Jan 092018

George H. W. Bush was elected President, in part, due to his famous line: “Read my lips.  No new taxes!”  The U.S. economy was on fire during the Reagan years, due in part to the fact that President Reagan lowered taxes and removed the price controls put into effect during the Carter era.  The 80s were a time of great economic growth for the country, which drove beer sales to new highs.

Soon after Bush Senior was elected into office, however, he walked back his pledge to the U.S. voters, and raised taxes on a number of items, including taxes on beer.  Bush doubled the U.S. federal excise tax on beer.  His broken tax promise was one of the major points in his failure to gain reelection for a second term.
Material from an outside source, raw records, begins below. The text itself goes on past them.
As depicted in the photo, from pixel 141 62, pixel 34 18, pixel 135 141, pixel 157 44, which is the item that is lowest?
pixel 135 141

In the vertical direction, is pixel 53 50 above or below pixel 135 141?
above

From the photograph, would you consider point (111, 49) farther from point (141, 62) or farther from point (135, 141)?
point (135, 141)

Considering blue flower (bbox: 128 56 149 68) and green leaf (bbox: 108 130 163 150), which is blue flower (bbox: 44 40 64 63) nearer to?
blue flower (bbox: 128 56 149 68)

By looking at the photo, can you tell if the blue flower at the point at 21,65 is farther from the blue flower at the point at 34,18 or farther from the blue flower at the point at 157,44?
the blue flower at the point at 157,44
Needless to say, overall beer sales slumped, and remained that way for some time.

In a major strategic marketing move, both the U.S. importers of the Modelo brands, The Gambrinus Co., and Barton Beers, decided not to pass along the tax increase to their consumers, with both companies absorbing the increase in their own margins.  Corona, which had been on a roll since introducing the clear, longneck bottle, was still struggling to regain their momentum due to a previous vicious rumor spread about the beer.  The great majority of all the other beers in the market, however, passed on the tax increase to the American consumer.  Corona did not raise prices, and soon the brand’s sales regained its lost momentum and took off again.  The rest is history.
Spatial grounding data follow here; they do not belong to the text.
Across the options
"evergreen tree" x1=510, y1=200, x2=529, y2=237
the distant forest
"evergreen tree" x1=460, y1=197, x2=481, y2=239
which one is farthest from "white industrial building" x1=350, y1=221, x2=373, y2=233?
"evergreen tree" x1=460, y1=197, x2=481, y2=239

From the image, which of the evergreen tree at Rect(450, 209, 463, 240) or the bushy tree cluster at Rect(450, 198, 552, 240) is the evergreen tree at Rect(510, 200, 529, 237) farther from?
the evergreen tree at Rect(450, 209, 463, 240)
The new tax bill recently passed by Congress, and signed in law by President Trump, includes the long attempted reduction in FET taxes which reduces the current tax rate to $3.50 per barrel on the first 60,000 bbls. produced for breweries with production of under two million bbls.  The new tax bill also reduces the FET to $16 per bbl. on beer, up to six million bbls. produced.  The law is under a “sunset rule” of two years, meaning these taxes will be reinstated unless the beer industry can show a positive return from the tax cut.

So the question is: what will happen as a result of these tax rollbacks?  It is no secret to anyone that much of the current negative beer sales trends are a result of high pricing.  Price increases for the craft industry as a whole were postponed last fall, with anticipated increases due this spring. Will these craft brewers see the tax reduction as a price increase?  Because their margins have just been aided by the passage of this tax relief, the brewers will not increase any PTW in an effort to increase sales.
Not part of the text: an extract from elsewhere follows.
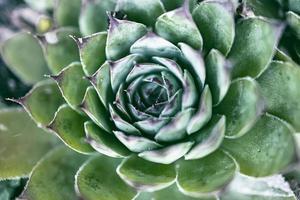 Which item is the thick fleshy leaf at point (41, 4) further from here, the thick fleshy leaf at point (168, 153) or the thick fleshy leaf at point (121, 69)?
the thick fleshy leaf at point (168, 153)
No doubt some brewers will raise prices, but will they increase spending in their marketing or add additional field people?  Some crafts will raise PTW and pocket the margins, and their respective wholesalers will see that immediately.  These craft brewers might use the two-year window, not as a positive, but as a negative.

Both Gambrinus and Barton took a huge chance over 25 years ago with unbelievable results.  The industry will be watching, as will Congress, to see how this tax reduction plays out.  If it fuels the industry’s growth, and brings additional jobs and taxes, then one can count on the lower tax rate remaining.  If, however, the craft industry becomes greedy, then one can expect a return to today’s tax rates.